Our clients are often faced with low EPC ratings. This has the potential to stop the property from being let out, or can discourage potential investors from making a purchase based on the cost implications of improving the property to the required standard. By the required standard, we mean to either an E rating or above. As anything below an E rating would mean that the property falls below the Minimum Energy Efficiency Standards – implemented on 1st April 2018 (for commercial property).
A question that we are constantly asked is, “what improvements should we make to the property to achieve an E rating?”
The Recommendation Report, which accompanies the EPC, makes this question particularly difficult to answer.
Unlike the domestic EPC, which clearly defines the EPC rating after each recommendation has been implemented, the Recommendation Report accompanying the commercial EPC, is much more difficult to interpret.
It begins by providing a recommendation, and then specifies its likely impact – that impact being either low, medium or high. But what is low, medium or high? These classifications offer very little clarity/certainty for the property owner. Also, what it fails to provide is a list of recommendations and the compounding improvements after each has been implemented. Let’s take an example where the recommendation report in the EPC states that the owner could choose to replace the single glazed windows with new double-glazed windows (‘medium’ impact), or, improve the loft insulation (‘low’ impact), and/or fit wall insulation (also ‘low’ impact). In this event, how does the property owner know which combination of improvements to make, to achieve an ‘E’ rating? The amount of variables, and differing cost levels, makes this decision near impossible. Now add the the way in which the ‘U’ values of certain building elements are affected by changes in the ‘U’ values of other elements, and the property owner has a very difficult situation to contend with.
There is no simple solution when trying to tackle the above issue, as the problem stems from way that Commercial EPCs are produced using the current software. Which, incidentally, was initially designed for Part L regulation compliance, and then later adapted to be used for EPCs
CJ Bloor Property Consultants can, however, assist in making life easier for the property owner. For example, we can run through hypothetical scenarios, to help them understand how certain improvements will affect the EPC rating, whilst giving them an idea of costs, etc.
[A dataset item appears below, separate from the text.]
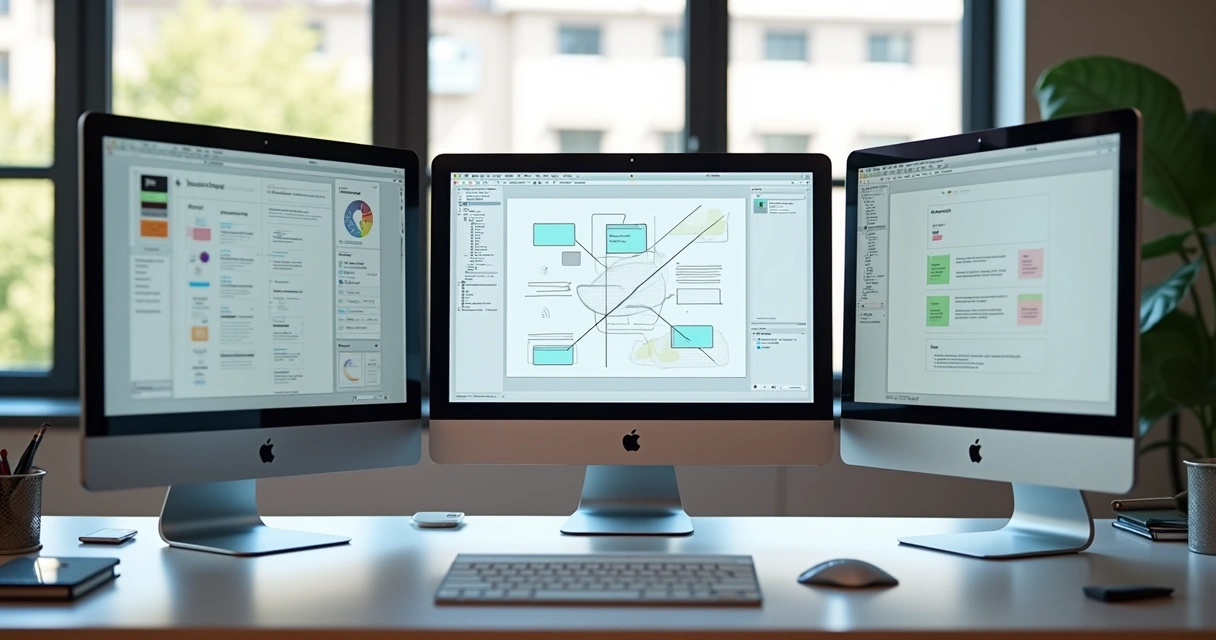 Ferramentas digitais para criação de protótipos de interface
The following is part of the service we offer as part of any new commercial EPC instruction:
If your property is rated F or G, we can offer advice on how to improve the rating to an E (or above) to ensure compliance with Minimum Energy Efficiency Standards (MEES).
We would then identify ways to improve the energy efficiency of the property to the required standard i.e. to an EPC rating of E or above.
Next, we would provide a draft EPC, which would show the EPC rating based on our recommendations.
Finally, after the alterations/improvements have been made, we would inspect the property to ensure the works have been completed in accordance with our recommendations.
We would then lodge the final EPC.
Taking this approach provides you with a guaranteed EPC rating as per the initial draft EPC.